··· Material supplied
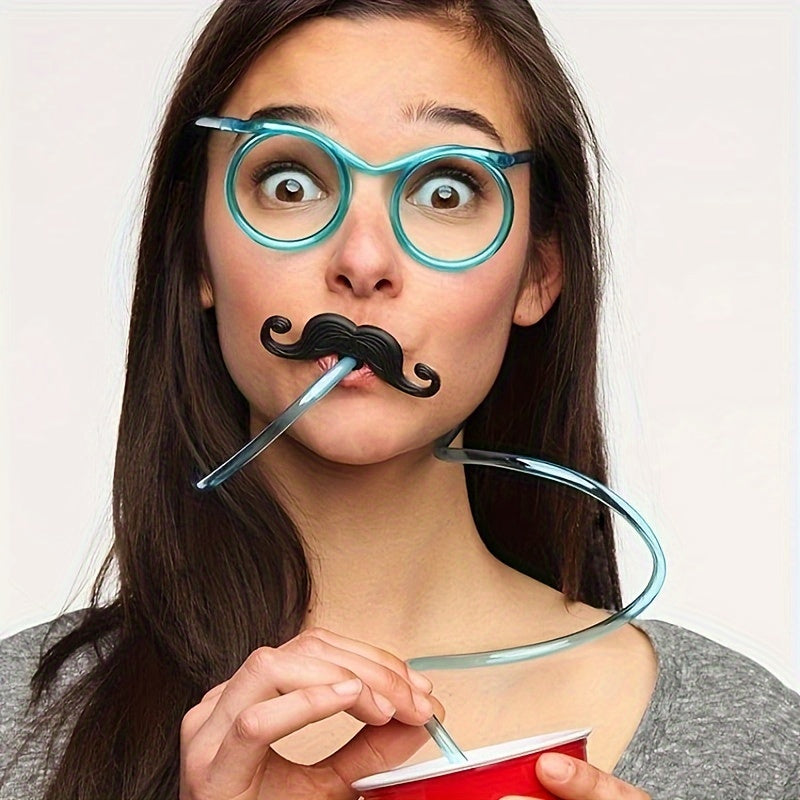 Family Game Props Glasses Beard Straw Crazy Funny Halloween Party Straw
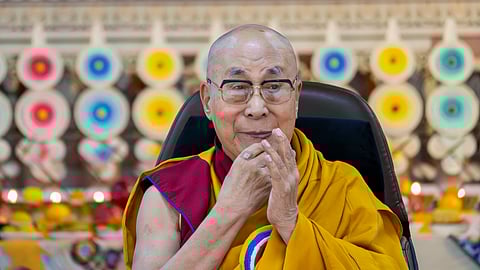 Tibetan spiritual leader the Dalai Lama presides over an event celebrating his 90th birthday according to a Tibetan calendar in Dharamshala, India, Monday, June 30, 2025, ahead of his birthday according to the Gregorian calendar on July 6.
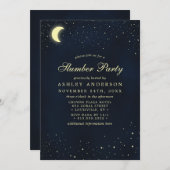 Hemelse Maan Sterren Middenblauw Slaperpartijtje Kaart (Voorkant / Achterkant)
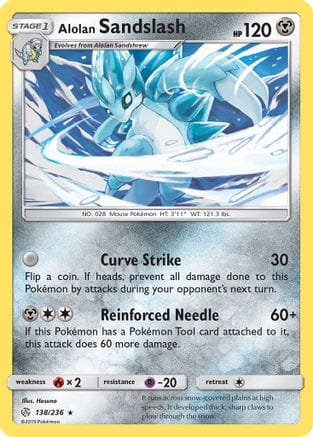 'Pokemon - 'Alolan Sandslash 138/236  SM  Cosmic Eclipse - Rare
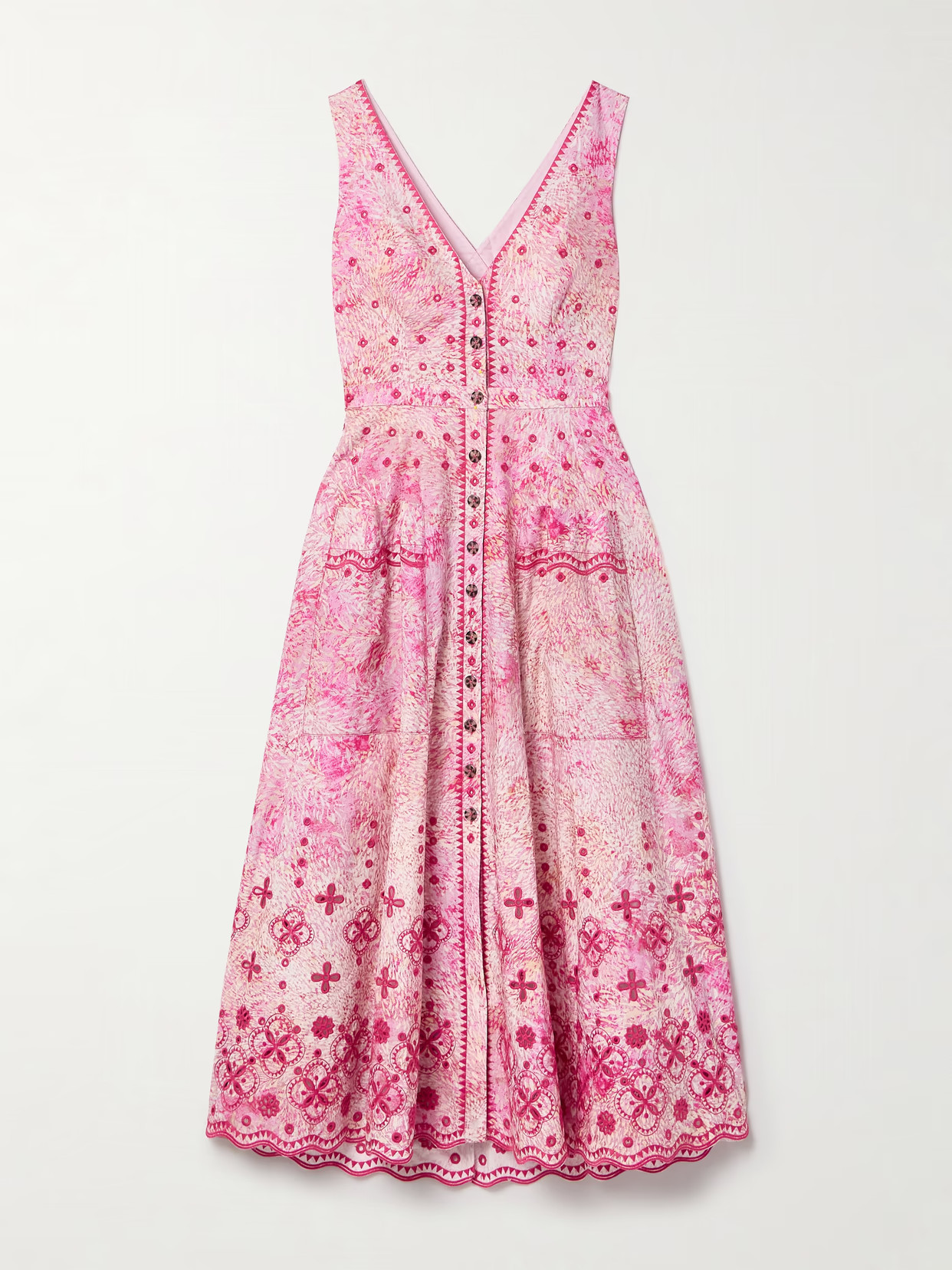 Saloni - Zoey Cutout Printed Broderie Anglaise-trimmed Cotton Midi Dress - Pink | NET-A-PORTER (UK & EU)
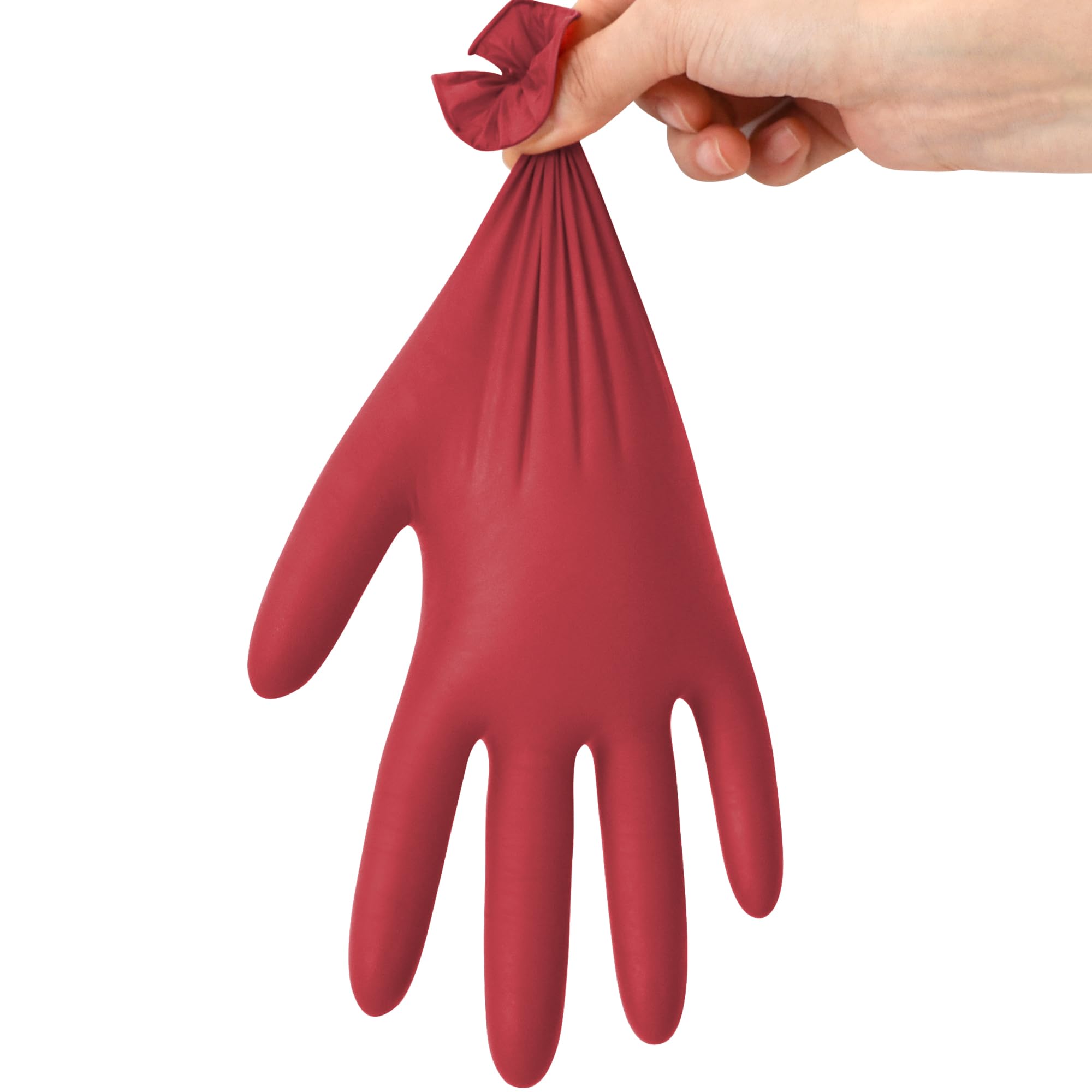 SwiftGrip Disposable Nitrile Exam Gloves, Medium, Box of 100, Burgundy, Latex-Free, Powder-Free, 3mil, Medical Grade, Food Safe, Non Sterile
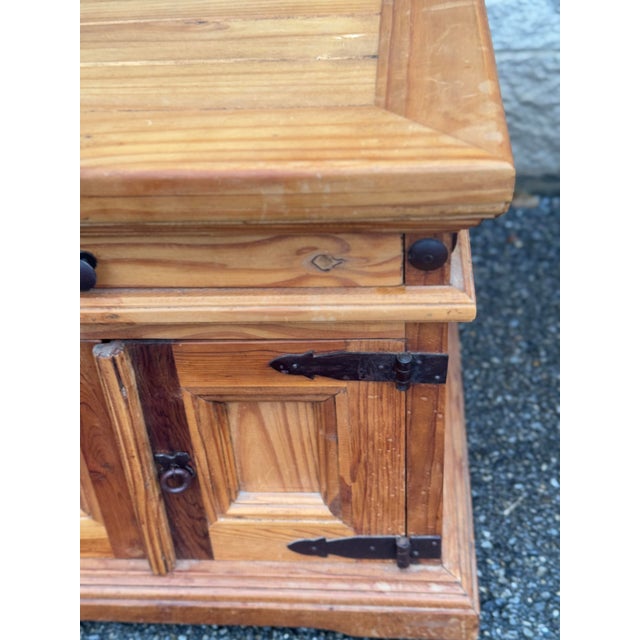 Rustic Pair of Rustic Pine Nightstands With Wrought Iron Hardware For Sale - Image 3 of 10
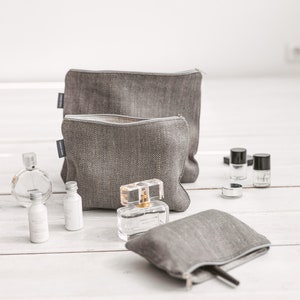 White makeup bag set of 3 for travel. Natural linen zipper pouch for women, men. Cosmetic bag set for wedding, bridesmaid gift. 3 colors Grey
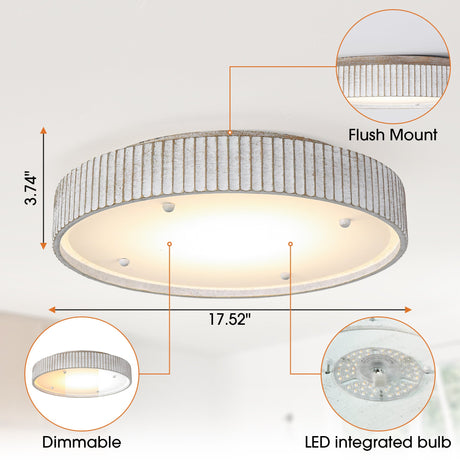18 Inch White Modern Flush Mount LED Light-Parc Decor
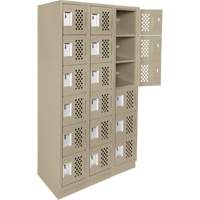 Assembled Lockerettes Clean Line Perforated Economy Lockers, 6 -tier, Bank of 3, 18" x 72" x 12", Steel Advanced Consulting and Training Ltd.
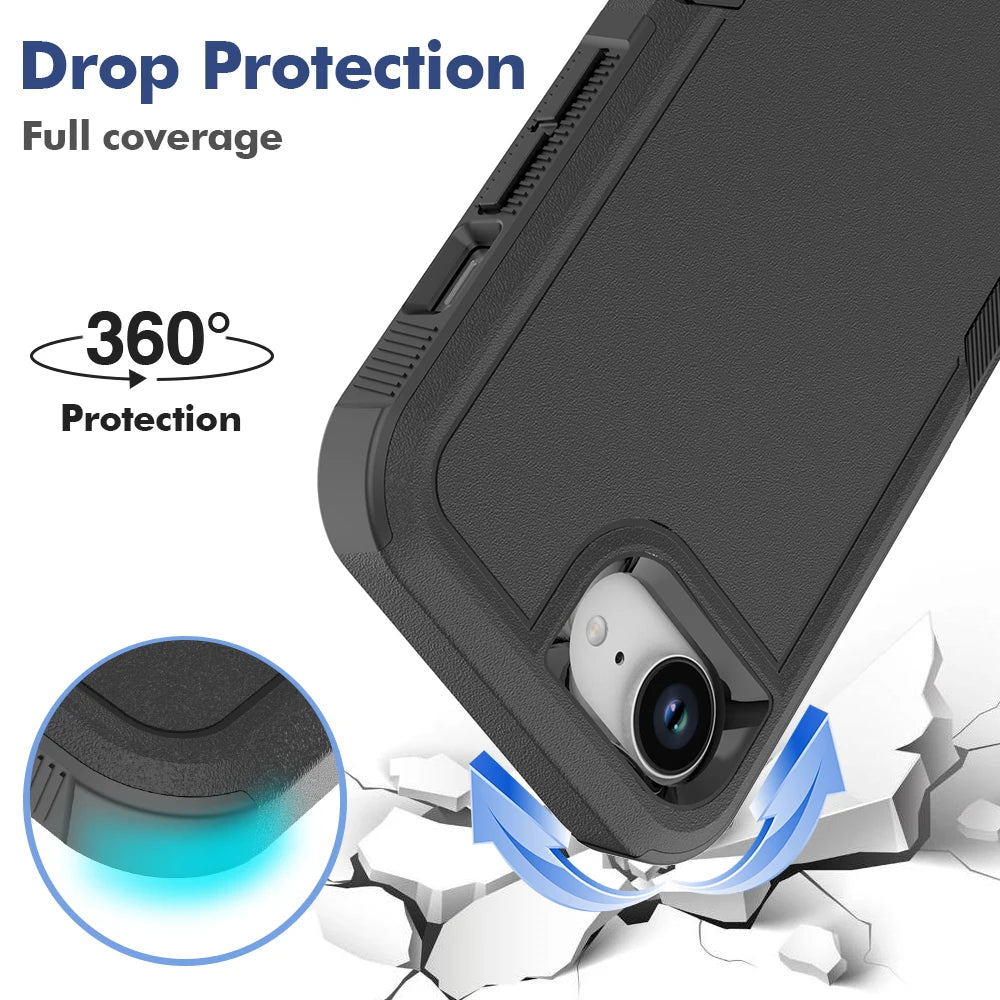 New TPU/PC Case for iPhone 16e / 16 Pro Max - Military Grade Shockproof Phone Cover Hybrid Armor Dual Layer Protection Shell - Caseverse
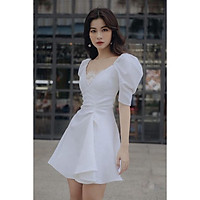Đầm xòe nhún eo tay phồng phối ren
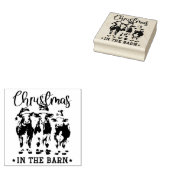 Kerst in de Schuur Rustieke Koeien in Santa Hats Rubberstempel (Gestempeld)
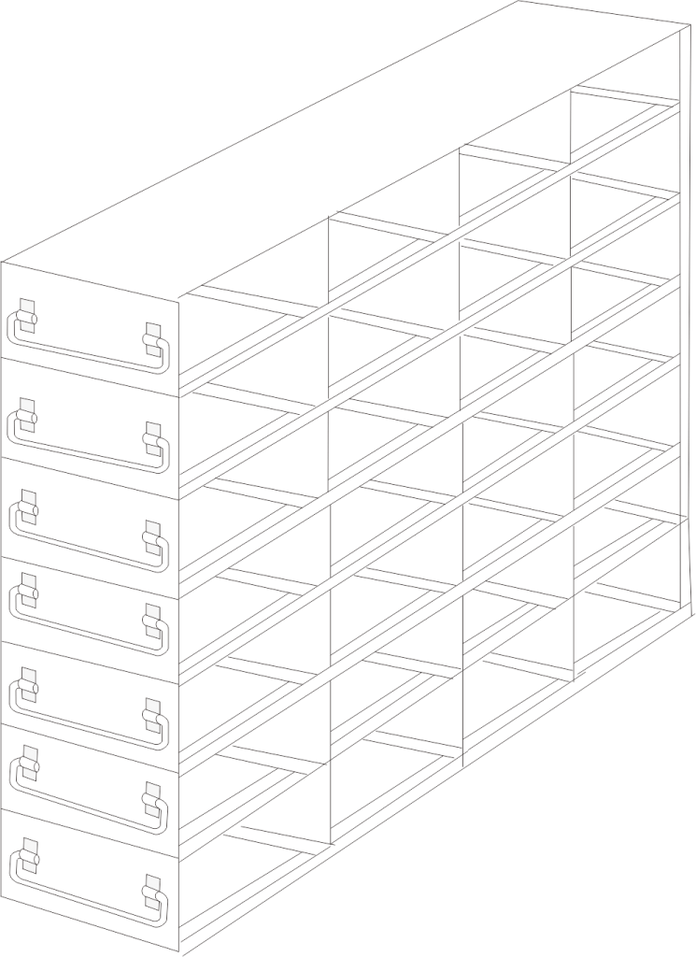 Crystal Industries - UFDDP - Upright Freezer Drawer Rack for 96-Deep-Well Microtiter Plates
······
▶ [Problem requirements]: None of the pictures belong in the result. Print exactly the lines from the one containing "Assembled Lockerettes Clean" through the final line of the entries.

▶ [Solution for this task]:
 Assembled Lockerettes Clean Line Perforated Economy Lockers, 6 -tier, Bank of 3, 18" x 72" x 12", Steel Advanced Consulting and Training Ltd.
 New TPU/PC Case for iPhone 16e / 16 Pro Max - Military Grade Shockproof Phone Cover Hybrid Armor Dual Layer Protection Shell - Caseverse
Đầm xòe nhún eo tay phồng phối ren
 Kerst in de Schuur Rustieke Koeien in Santa Hats Rubberstempel (Gestempeld)
 Crystal Industries - UFDDP - Upright Freezer Drawer Rack for 96-Deep-Well Microtiter Plates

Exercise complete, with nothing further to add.